## YOUR OBJECTIVE
Would you retype exactly the lines below, from the one containing "Jouet coule en" through the end of the entries, both ends included, but not the pictures?

Data items:
····················
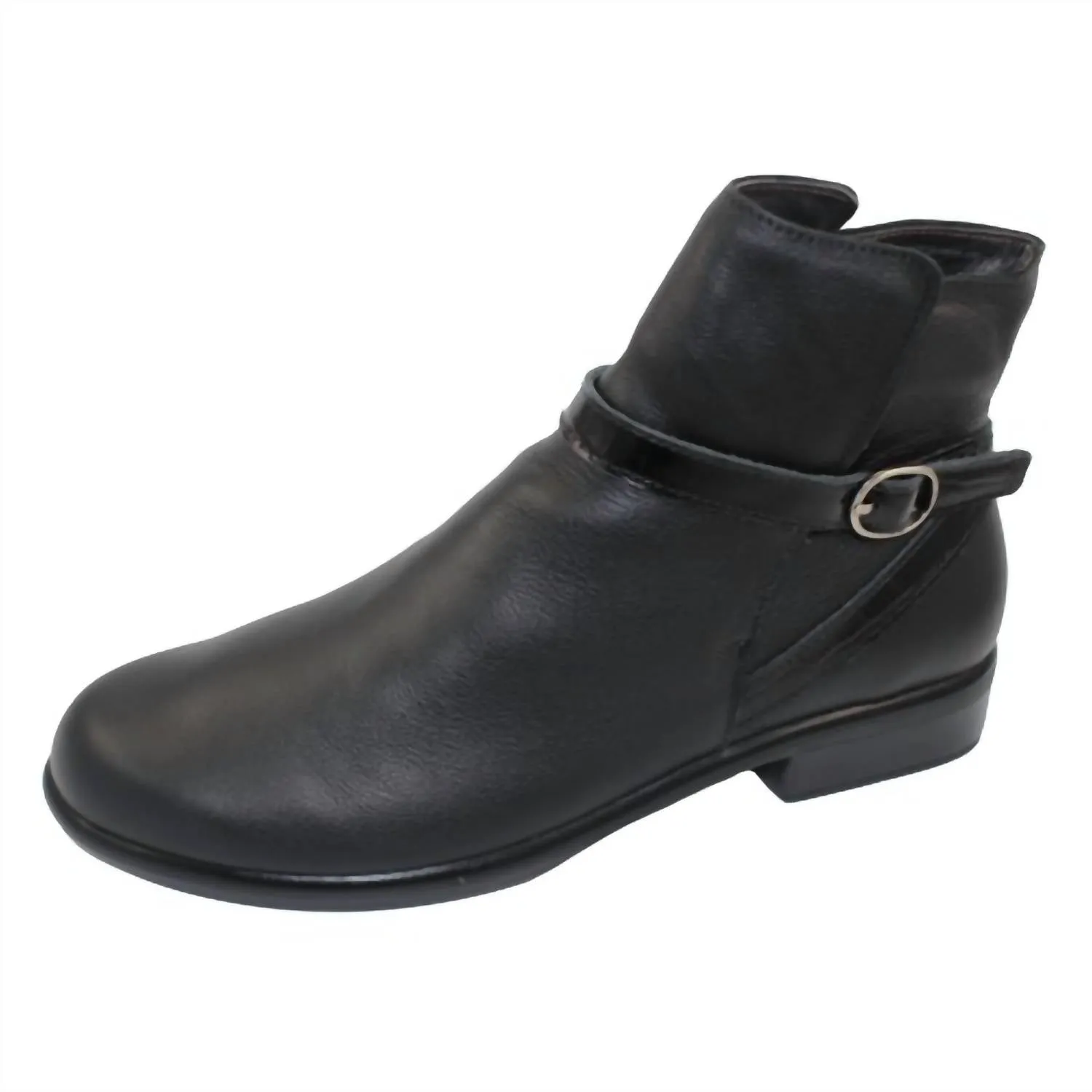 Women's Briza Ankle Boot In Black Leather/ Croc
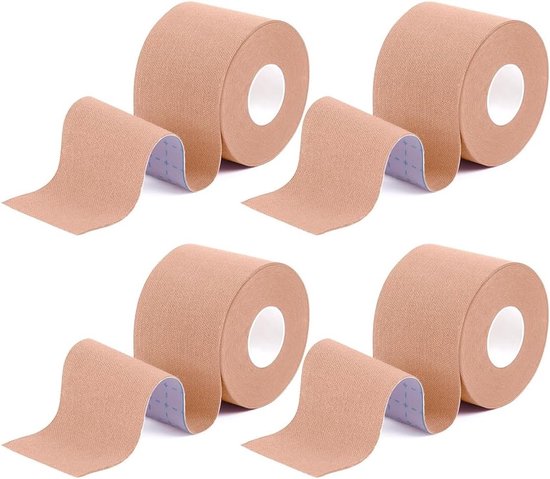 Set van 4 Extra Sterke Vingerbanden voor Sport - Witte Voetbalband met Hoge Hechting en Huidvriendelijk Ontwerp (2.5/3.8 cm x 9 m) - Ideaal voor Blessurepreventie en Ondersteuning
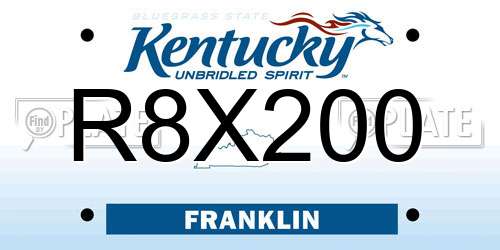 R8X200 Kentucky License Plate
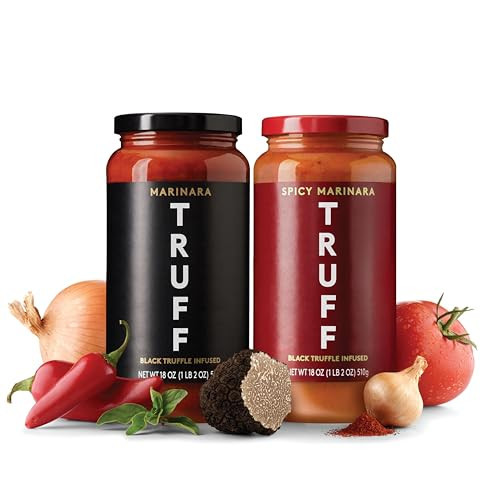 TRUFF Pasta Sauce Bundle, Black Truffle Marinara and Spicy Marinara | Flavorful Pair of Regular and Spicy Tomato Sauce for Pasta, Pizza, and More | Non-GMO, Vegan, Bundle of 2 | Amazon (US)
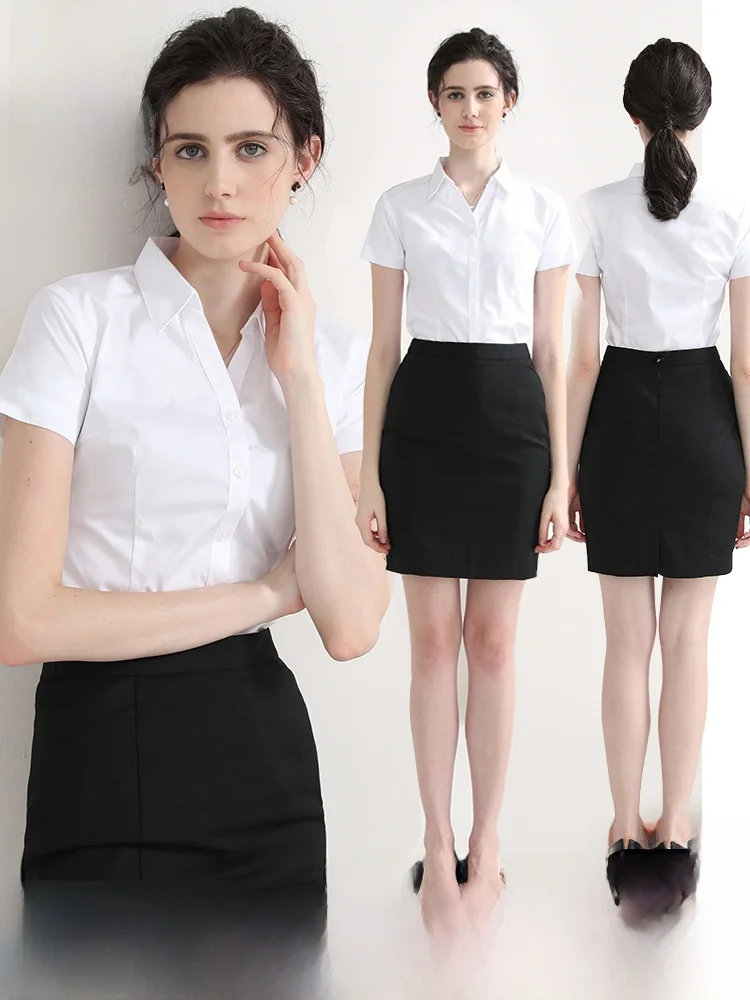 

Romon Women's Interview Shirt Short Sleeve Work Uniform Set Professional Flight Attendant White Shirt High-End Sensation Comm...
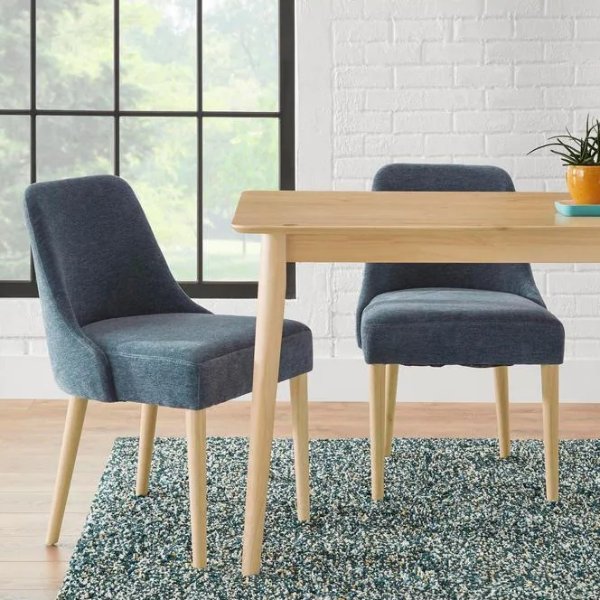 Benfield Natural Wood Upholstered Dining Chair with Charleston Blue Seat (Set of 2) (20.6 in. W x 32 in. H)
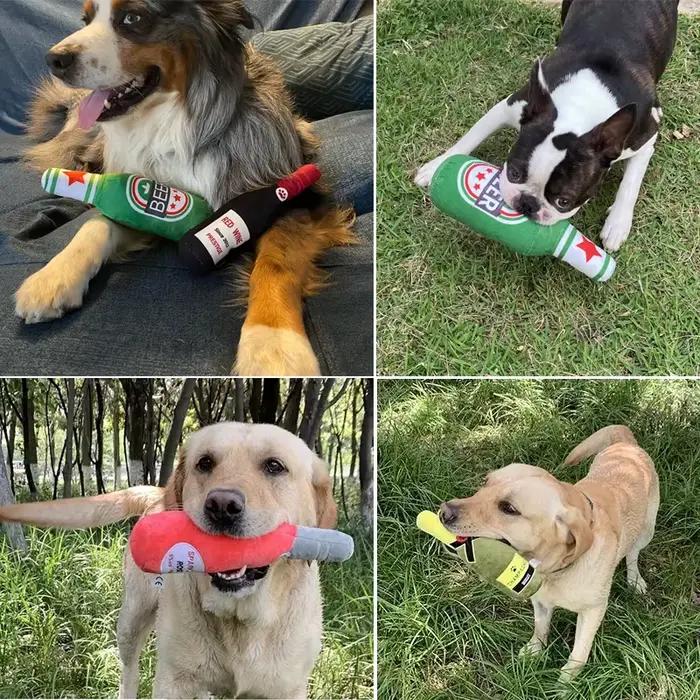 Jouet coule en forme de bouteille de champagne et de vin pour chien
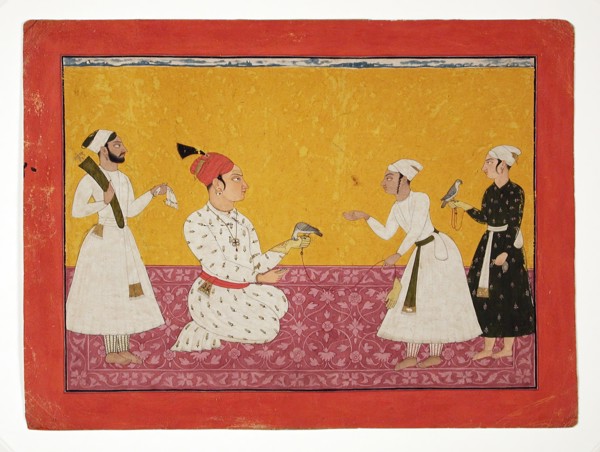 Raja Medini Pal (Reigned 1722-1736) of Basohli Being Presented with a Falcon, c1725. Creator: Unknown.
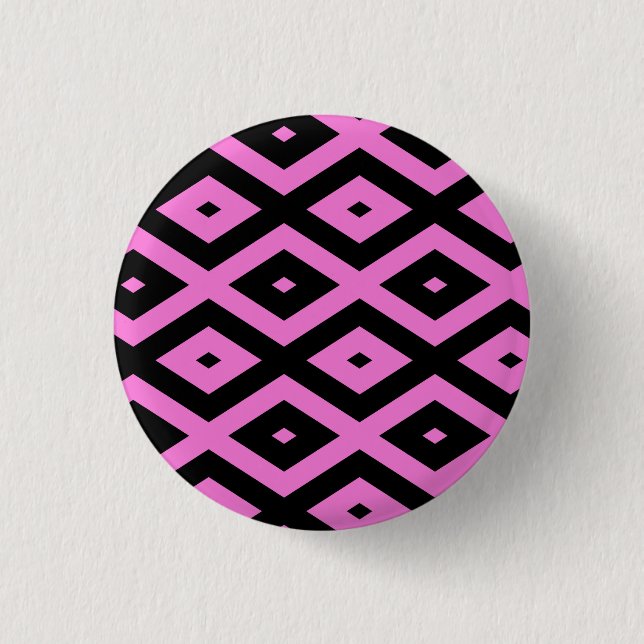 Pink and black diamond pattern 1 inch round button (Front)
····················
## EXPECTED ANSWER
 Jouet coule en forme de bouteille de champagne et de vin pour chien
 Raja Medini Pal (Reigned 1722-1736) of Basohli Being Presented with a Falcon, c1725. Creator: Unknown.
 Pink and black diamond pattern 1 inch round button (Front)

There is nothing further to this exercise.